Like Roosevelt’s conversational announcements over the airwaves, this new tradition is a harbinger of a world in economic disarray, and a financial system in peril. Unlike the “Fireside Chats,” these contemporary messages to the nation are in no way designed to comfort an uneasy public.
We have endured through the 2012 Libor rigging scandal, the rebranding of both the London gold fix and the silver fix due to tampering and insider trading, as well as this year’s revelations that the foreign exchange markets have been subject to rampant manipulation. In each case, the guilty parties (some of them culprits in all three scams) were merely ordered to pay fines while new regulations were implemented. All the while, investigative reports show time and again how the TBTF financial institutions have effectively “captured” their regulatory overseers, and are simply entrusted to police themselves.

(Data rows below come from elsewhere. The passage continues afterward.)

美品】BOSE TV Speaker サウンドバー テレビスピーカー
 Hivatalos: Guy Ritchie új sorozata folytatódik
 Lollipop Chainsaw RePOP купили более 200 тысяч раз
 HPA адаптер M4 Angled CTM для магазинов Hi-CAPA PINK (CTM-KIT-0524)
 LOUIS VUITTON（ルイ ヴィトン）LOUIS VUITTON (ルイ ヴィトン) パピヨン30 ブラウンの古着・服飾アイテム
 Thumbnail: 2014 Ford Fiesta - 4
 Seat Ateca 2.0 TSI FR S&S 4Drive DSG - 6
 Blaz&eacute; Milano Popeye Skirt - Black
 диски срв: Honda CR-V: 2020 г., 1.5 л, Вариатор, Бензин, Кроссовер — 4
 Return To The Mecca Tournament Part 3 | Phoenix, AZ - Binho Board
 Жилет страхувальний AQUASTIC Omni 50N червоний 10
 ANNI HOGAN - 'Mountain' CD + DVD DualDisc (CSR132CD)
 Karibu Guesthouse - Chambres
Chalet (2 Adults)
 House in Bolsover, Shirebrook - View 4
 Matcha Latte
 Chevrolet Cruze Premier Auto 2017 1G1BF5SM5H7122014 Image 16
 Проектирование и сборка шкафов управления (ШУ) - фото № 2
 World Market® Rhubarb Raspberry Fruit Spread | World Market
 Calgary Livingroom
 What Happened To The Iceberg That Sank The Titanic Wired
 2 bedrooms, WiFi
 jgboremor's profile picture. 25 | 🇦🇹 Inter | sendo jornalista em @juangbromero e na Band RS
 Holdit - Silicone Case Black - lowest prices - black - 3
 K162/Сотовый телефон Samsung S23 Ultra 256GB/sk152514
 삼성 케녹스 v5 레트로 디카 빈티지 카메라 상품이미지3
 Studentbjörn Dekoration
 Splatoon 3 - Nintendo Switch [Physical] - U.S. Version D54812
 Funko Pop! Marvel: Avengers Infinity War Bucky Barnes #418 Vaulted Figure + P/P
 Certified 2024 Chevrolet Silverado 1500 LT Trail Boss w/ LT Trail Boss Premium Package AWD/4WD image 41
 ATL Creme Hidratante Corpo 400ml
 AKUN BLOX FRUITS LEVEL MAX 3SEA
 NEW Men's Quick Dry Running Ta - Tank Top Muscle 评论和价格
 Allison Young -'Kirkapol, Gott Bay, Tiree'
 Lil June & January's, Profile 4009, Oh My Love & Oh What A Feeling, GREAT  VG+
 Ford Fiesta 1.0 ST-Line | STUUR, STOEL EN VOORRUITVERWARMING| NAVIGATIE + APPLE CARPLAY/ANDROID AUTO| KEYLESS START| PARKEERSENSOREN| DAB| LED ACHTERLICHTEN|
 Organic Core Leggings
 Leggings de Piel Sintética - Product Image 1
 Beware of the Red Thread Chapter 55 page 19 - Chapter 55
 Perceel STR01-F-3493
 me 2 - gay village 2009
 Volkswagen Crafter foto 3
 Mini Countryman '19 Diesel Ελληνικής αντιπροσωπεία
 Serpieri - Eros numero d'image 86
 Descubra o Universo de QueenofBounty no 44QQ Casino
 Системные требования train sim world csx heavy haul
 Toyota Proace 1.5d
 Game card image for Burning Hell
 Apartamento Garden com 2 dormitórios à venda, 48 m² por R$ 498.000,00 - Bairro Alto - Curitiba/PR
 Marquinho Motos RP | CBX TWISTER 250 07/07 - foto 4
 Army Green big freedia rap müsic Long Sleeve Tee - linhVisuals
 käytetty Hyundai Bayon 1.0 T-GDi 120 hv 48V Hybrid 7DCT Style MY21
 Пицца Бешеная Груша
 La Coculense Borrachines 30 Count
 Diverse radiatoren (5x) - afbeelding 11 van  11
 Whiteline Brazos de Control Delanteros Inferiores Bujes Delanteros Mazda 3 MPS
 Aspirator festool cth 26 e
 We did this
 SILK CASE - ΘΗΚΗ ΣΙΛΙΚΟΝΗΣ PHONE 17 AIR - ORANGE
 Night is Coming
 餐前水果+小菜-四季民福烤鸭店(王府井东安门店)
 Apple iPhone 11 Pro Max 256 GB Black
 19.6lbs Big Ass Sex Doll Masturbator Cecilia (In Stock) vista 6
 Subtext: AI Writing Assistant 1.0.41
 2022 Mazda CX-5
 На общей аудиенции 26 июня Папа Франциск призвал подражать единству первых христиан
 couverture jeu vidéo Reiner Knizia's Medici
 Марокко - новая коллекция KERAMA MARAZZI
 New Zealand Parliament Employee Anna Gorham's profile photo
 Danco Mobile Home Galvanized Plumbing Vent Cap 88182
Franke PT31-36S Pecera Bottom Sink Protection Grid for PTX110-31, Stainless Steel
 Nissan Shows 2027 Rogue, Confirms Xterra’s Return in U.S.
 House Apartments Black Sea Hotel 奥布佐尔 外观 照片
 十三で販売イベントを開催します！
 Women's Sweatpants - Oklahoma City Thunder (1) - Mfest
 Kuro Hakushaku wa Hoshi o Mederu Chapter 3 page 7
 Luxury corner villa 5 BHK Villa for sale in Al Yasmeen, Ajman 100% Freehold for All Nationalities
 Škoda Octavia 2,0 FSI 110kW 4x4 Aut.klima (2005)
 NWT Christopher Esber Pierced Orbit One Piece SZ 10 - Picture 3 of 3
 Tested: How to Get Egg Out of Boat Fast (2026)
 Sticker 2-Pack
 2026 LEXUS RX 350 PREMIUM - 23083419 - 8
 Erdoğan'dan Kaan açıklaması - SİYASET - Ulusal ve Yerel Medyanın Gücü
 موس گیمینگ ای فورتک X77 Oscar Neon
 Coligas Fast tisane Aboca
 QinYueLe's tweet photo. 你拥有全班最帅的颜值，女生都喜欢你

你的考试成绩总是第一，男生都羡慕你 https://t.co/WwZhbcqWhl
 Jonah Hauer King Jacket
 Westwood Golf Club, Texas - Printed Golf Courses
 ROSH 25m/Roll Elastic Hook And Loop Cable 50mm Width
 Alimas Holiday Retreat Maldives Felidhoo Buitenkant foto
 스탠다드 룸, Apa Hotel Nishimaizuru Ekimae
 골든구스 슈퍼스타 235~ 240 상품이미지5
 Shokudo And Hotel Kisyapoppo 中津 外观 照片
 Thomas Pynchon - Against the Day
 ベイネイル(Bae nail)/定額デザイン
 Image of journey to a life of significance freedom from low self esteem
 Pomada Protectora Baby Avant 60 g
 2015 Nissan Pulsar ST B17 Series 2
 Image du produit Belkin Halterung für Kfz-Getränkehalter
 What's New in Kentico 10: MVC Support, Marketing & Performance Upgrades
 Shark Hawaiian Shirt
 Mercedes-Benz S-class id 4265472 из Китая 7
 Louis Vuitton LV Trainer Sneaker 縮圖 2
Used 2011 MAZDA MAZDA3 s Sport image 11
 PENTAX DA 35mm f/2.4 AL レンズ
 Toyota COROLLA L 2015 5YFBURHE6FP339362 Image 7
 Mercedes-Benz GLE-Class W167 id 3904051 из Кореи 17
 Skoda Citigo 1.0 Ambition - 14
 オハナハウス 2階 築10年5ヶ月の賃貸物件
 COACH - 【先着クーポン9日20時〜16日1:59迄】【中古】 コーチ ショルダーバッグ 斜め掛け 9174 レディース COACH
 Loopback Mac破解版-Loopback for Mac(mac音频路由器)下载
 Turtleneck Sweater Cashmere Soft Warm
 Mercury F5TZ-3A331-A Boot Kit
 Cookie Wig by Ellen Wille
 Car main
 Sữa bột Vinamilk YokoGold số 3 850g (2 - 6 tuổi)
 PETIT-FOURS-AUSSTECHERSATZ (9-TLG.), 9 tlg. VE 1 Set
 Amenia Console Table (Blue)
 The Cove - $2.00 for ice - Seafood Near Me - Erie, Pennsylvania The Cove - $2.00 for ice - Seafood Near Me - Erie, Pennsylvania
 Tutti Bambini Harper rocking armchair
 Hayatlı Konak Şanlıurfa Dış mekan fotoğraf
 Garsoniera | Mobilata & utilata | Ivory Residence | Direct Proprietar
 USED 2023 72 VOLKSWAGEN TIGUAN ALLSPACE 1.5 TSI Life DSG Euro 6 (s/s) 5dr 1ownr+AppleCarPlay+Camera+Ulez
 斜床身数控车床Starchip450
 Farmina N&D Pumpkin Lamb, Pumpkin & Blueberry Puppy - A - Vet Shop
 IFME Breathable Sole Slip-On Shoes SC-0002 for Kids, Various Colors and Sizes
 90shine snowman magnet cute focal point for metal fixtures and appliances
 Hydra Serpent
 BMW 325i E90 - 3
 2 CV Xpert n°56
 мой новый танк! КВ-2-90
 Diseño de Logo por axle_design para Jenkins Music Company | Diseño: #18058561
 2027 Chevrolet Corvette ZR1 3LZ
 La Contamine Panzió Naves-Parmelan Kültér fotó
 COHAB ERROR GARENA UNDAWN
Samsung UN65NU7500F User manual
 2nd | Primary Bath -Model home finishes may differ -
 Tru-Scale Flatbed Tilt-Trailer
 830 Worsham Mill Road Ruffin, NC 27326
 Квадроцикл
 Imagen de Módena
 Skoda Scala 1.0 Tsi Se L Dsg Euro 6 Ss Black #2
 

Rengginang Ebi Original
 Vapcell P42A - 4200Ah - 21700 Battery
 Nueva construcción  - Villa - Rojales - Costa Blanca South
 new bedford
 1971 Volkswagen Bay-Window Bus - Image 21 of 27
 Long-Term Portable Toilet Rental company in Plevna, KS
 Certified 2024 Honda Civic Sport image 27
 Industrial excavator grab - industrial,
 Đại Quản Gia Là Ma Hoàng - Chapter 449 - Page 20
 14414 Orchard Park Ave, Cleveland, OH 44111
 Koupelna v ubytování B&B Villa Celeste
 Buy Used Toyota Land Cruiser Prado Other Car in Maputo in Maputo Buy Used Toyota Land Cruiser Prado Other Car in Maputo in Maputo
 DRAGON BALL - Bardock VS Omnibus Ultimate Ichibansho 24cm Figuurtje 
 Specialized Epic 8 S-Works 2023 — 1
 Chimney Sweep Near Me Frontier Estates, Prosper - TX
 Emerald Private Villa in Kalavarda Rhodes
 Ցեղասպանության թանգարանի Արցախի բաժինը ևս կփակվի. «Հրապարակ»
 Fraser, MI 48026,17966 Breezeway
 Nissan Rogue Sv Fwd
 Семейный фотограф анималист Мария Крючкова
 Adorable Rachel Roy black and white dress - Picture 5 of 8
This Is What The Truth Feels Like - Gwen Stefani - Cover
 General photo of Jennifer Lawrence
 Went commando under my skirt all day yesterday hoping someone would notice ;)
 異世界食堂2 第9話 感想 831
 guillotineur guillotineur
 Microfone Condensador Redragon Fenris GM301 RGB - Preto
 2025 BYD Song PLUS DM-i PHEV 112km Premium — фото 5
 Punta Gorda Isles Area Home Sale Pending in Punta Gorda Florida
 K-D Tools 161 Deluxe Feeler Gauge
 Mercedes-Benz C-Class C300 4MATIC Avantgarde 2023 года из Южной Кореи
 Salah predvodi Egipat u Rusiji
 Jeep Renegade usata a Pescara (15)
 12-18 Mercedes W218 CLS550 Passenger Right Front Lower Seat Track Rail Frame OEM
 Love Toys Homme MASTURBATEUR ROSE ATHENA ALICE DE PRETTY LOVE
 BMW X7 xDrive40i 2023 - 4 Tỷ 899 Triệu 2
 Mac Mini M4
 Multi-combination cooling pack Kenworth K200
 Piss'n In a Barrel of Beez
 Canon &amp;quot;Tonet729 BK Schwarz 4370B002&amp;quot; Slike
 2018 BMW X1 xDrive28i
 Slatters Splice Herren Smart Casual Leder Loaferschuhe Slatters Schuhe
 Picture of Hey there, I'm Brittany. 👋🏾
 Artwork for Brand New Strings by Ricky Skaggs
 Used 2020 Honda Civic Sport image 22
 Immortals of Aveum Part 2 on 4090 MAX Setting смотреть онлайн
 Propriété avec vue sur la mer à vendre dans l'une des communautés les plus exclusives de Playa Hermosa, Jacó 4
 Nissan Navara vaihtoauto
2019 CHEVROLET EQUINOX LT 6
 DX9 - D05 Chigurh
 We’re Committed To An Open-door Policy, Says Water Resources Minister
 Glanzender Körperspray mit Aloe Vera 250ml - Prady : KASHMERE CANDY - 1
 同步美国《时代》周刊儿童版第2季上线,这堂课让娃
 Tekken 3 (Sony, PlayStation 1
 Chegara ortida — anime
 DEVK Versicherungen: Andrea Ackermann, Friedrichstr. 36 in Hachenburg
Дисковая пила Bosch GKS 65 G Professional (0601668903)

The teeth of these “improved” regulatory procedures notwithstanding, it would seem that every benchmark has now been doctored, every market at some point subject to insider manipulation. Every frontier of the financial system has been usurped already, right?
It seemed so until this week’s revelation that Goldman Sachs and HSBC are being sued by a New York jeweler for rigging the platinum and palladium price fixes for the last eight years. The complaint, which also names juggernauts Standard Bank and BASF, charges that the accused institutions shared insider information about the direction of the fixes in order to manipulate trading and profit from the resultant price movements. This is essentially the same story as the past rigging charges mentioned above.
The manipulation of platinum and palladium prices can be quite lucrative, as the two metals enjoy strong industrial demand like their cousin silver, but come at a much heftier price tag: palladium spot prices are currently more than 50 times the price of silver, and platinum is about 50% more expensive than palladium. While silver has myriad industrial applications, the platinum group metals are predominantly used in making catalytic converters for automobiles.
Ironically, the price fixes for platinum and palladium were already scheduled to be replaced by a new price discovery mechanism on Monday, December 1. It remains to be seen if any of the new precious metal price fixes will improve the transparency of the process. If recent history is any indication, whenever one jig is up, there’s another one right around the corner.
News & Notes
Government sources in India announce that the 80:20 rule requiring 20% of gold imports to be re-exported is going to be scrapped, pushing the country’s Nifty stock index to record-highs.
Canada’s 3Q GDP beats expectations, growing 2.8%.
China surpasses Japan was the world’s second-largest stock market behind the U.S.
Unemployment in Italy reaches a record-high of 13.2%.
A LOOK AHEAD: The PMI and ISM manufacturing indices will be released on Monday, December 1, updating the outlook on the pace of growth in U.S. industries. If “Black Friday” activity and online shopping sales on “Cyber Monday” are particularly strong, analysts may have to revise their bearish expectations for U.S. retail sales this holiday season.